» What to produce
The answer must be an exact copy of the lines from the one with "Men's Cloudswift 3 AD" through the final line below, with no pictures and nothing else.

---+---

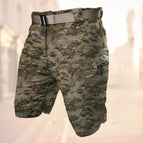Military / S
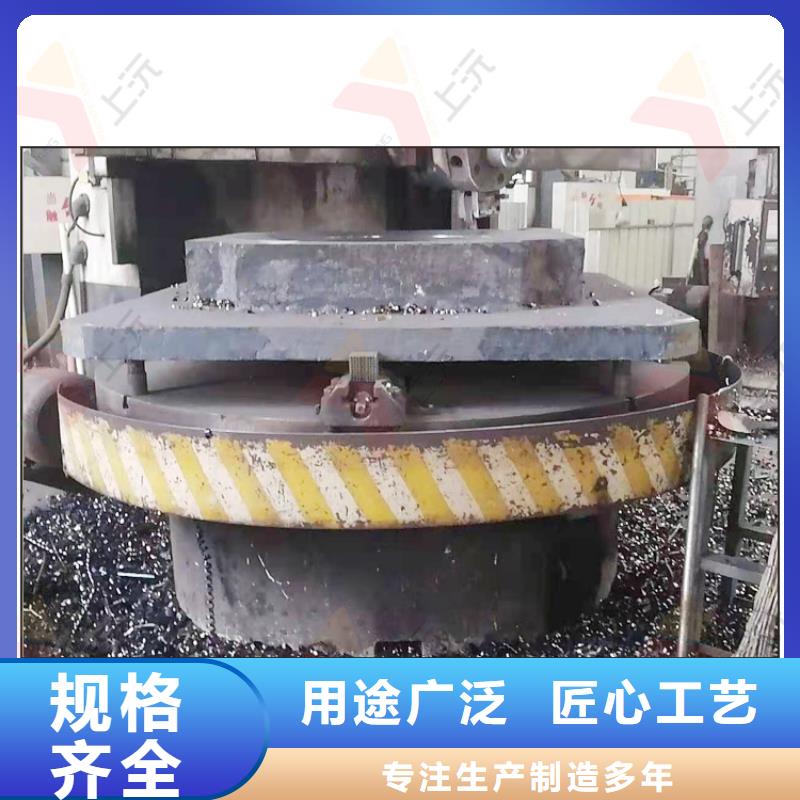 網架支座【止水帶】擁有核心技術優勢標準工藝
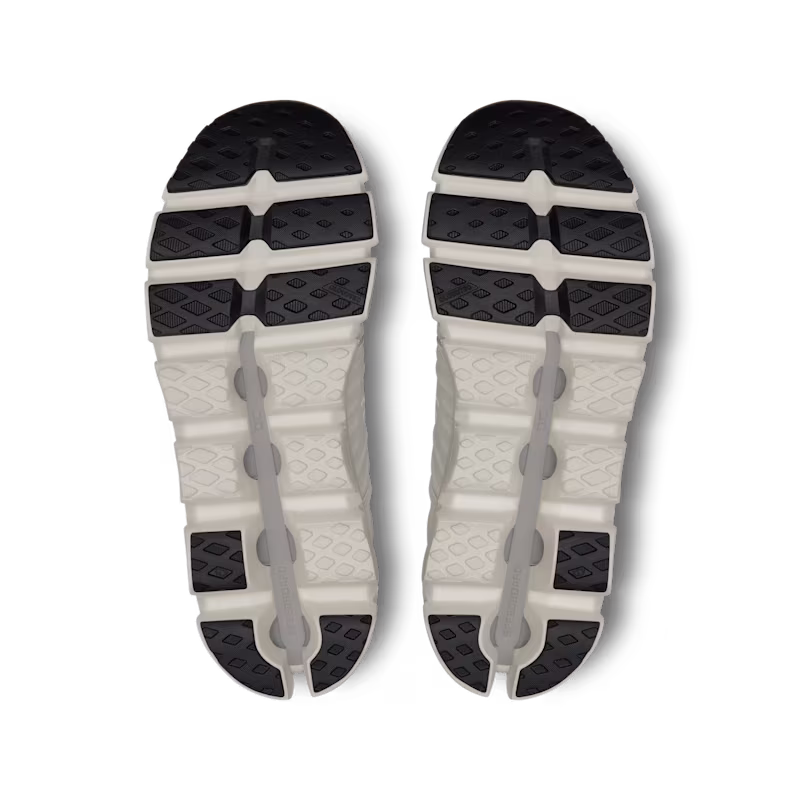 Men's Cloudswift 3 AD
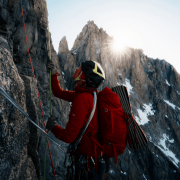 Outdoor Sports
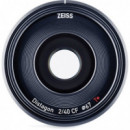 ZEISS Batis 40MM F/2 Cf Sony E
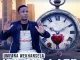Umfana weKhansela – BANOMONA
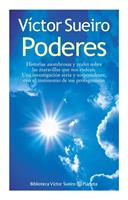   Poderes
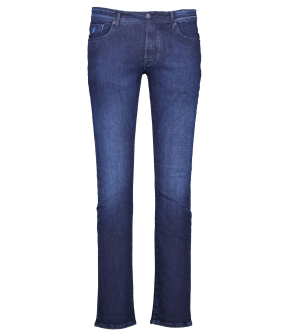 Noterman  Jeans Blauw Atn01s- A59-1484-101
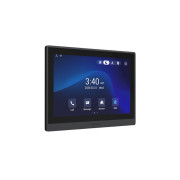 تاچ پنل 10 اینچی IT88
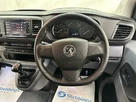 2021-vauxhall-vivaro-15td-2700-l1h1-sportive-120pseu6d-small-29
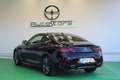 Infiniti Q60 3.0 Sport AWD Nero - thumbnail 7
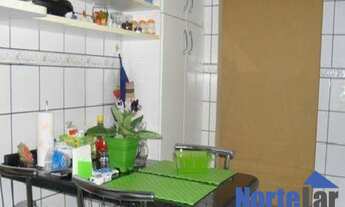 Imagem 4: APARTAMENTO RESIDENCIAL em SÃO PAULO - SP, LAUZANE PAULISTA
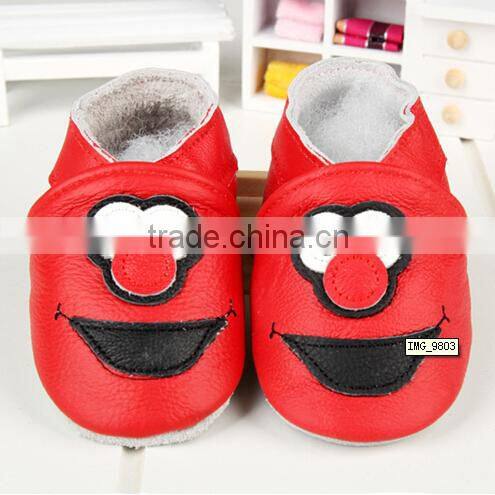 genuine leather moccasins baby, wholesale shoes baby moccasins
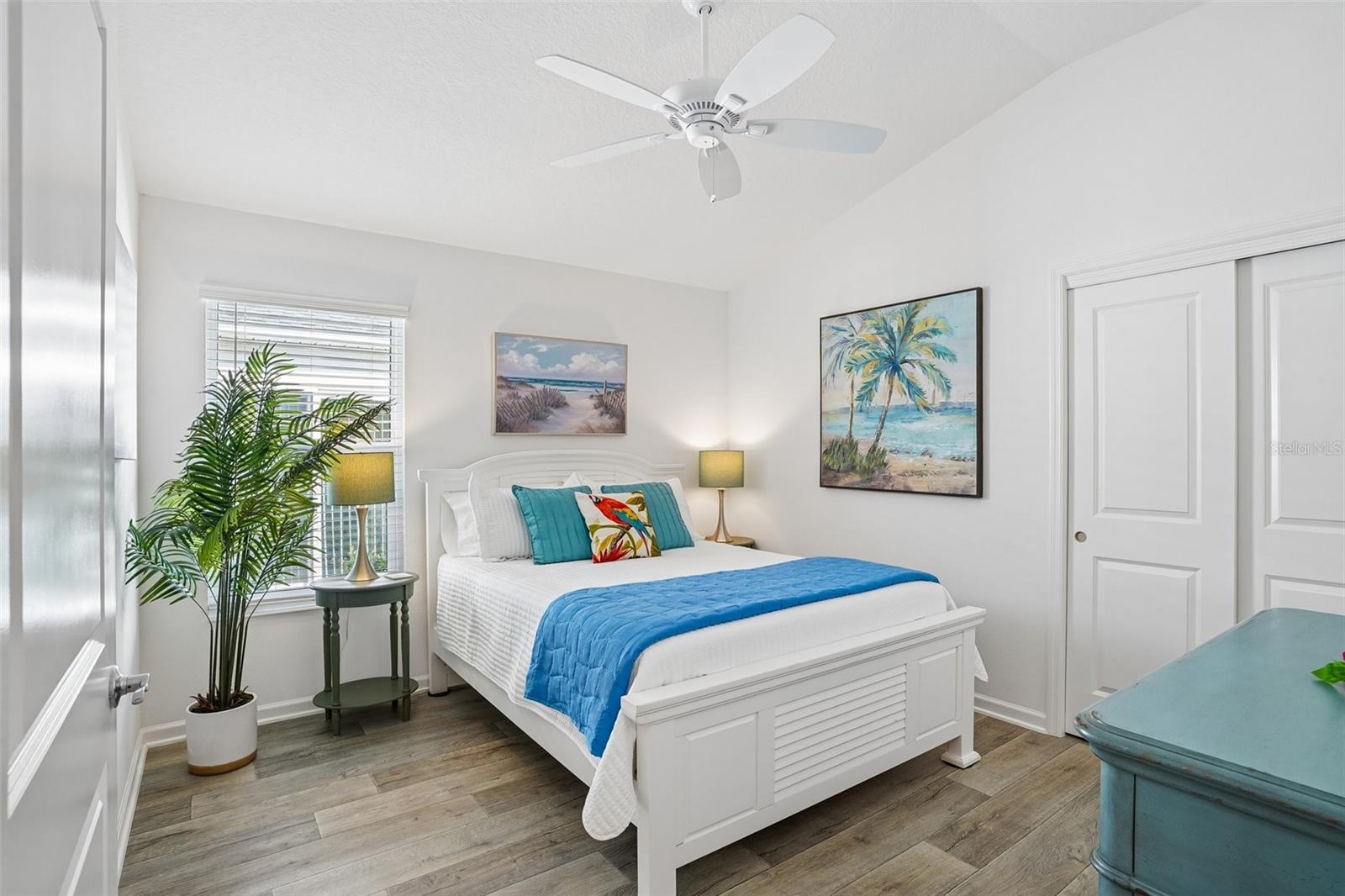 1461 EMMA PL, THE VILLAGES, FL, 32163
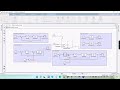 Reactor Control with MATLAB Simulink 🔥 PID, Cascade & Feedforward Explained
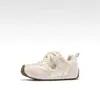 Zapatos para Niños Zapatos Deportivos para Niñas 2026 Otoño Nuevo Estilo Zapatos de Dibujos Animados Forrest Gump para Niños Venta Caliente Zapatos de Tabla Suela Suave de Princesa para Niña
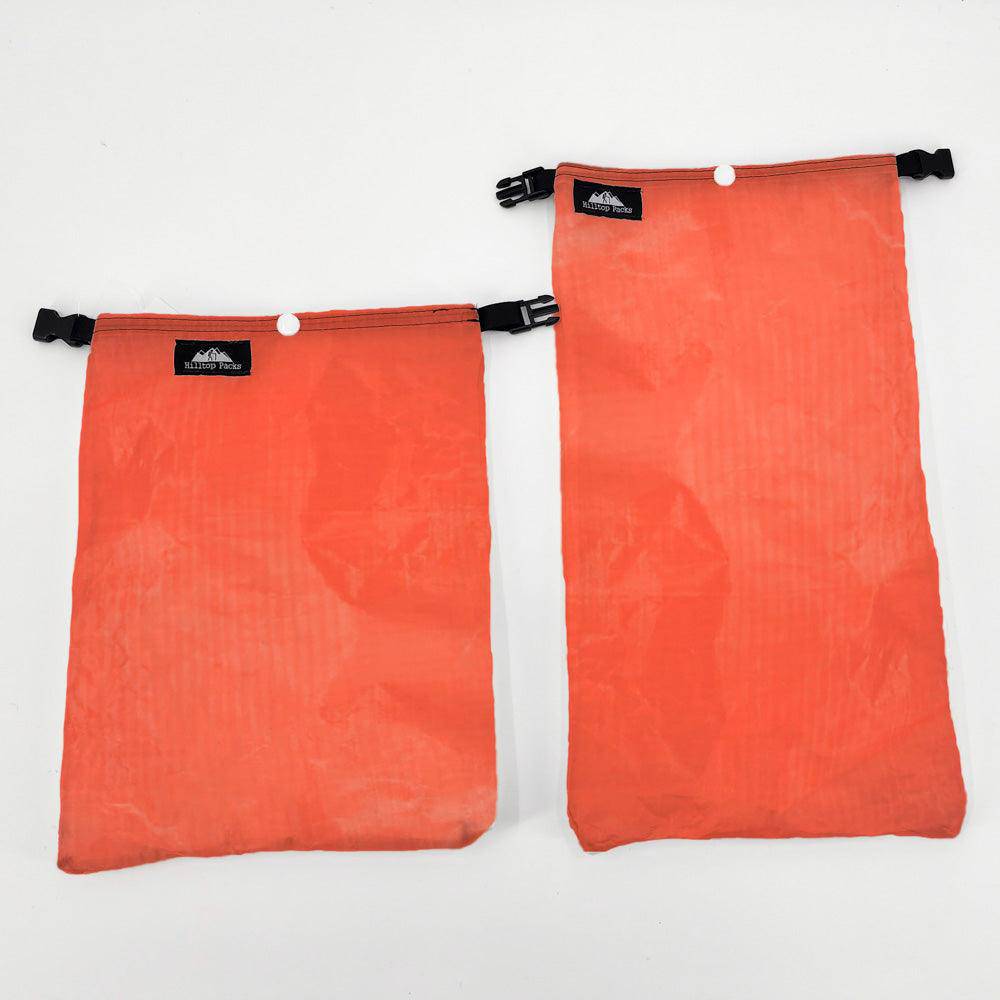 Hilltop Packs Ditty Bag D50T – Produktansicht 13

---+---

» Answer box
 Men's Cloudswift 3 AD
 Outdoor Sports
 ZEISS Batis 40MM F/2 Cf Sony E
Umfana weKhansela – BANOMONA
   Poderes
 Noterman  Jeans Blauw Atn01s- A59-1484-101
 تاچ پنل 10 اینچی IT88
 2021-vauxhall-vivaro-15td-2700-l1h1-sportive-120pseu6d-small-29
 Infiniti Q60 3.0 Sport AWD Nero - thumbnail 7
 Imagem 4: APARTAMENTO RESIDENCIAL em SÃO PAULO - SP, LAUZANE PAULISTA
 genuine leather moccasins baby, wholesale shoes baby moccasins
 1461 EMMA PL, THE VILLAGES, FL, 32163
 Reactor Control with MATLAB Simulink 🔥 PID, Cascade & Feedforward Explained
 Zapatos para Niños Zapatos Deportivos para Niñas 2026 Otoño Nuevo Estilo Zapatos de Dibujos Animados Forrest Gump para Niños Venta Caliente Zapatos de Tabla Suela Suave de Princesa para Niña
 Hilltop Packs Ditty Bag D50T – Produktansicht 13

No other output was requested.